- **WHAT THE EXERCISE ASKS**:
Under this line are the records; write out word for word the part that begins at the line containing "Large Juniors sweater - Picture 2 of 3" and ends at the line containing "Hasta sillas y", and no more.
• • • • • • •
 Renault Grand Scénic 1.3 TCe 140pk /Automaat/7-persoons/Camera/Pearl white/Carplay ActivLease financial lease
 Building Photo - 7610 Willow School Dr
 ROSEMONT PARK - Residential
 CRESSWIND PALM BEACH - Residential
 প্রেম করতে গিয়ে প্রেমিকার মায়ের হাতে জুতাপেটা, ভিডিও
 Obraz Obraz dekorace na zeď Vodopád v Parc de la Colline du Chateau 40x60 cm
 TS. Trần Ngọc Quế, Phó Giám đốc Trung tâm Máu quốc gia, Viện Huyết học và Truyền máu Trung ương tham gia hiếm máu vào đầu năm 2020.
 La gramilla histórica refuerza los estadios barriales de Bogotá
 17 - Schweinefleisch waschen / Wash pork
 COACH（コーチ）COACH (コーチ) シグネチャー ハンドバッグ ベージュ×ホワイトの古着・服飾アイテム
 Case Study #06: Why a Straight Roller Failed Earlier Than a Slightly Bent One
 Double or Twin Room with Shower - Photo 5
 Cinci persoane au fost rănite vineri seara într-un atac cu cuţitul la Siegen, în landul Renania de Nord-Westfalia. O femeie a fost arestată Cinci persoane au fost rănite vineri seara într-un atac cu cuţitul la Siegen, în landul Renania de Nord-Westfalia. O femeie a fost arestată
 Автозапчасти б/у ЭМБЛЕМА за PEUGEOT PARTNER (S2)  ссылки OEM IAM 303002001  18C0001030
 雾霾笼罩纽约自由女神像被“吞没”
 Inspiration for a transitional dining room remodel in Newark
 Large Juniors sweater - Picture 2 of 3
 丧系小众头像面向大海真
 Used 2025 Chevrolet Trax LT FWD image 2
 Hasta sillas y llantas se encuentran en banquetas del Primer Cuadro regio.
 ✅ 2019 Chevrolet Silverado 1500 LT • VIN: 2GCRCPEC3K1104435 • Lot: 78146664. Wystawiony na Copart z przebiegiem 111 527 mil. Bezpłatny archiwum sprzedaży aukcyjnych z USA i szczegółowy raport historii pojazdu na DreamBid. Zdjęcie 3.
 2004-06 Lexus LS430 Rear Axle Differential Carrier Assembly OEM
• • • • • • •
- **COMPLETED TASK**:
 Large Juniors sweater - Picture 2 of 3
 丧系小众头像面向大海真
 Used 2025 Chevrolet Trax LT FWD image 2
 Hasta sillas y llantas se encuentran en banquetas del Primer Cuadro regio.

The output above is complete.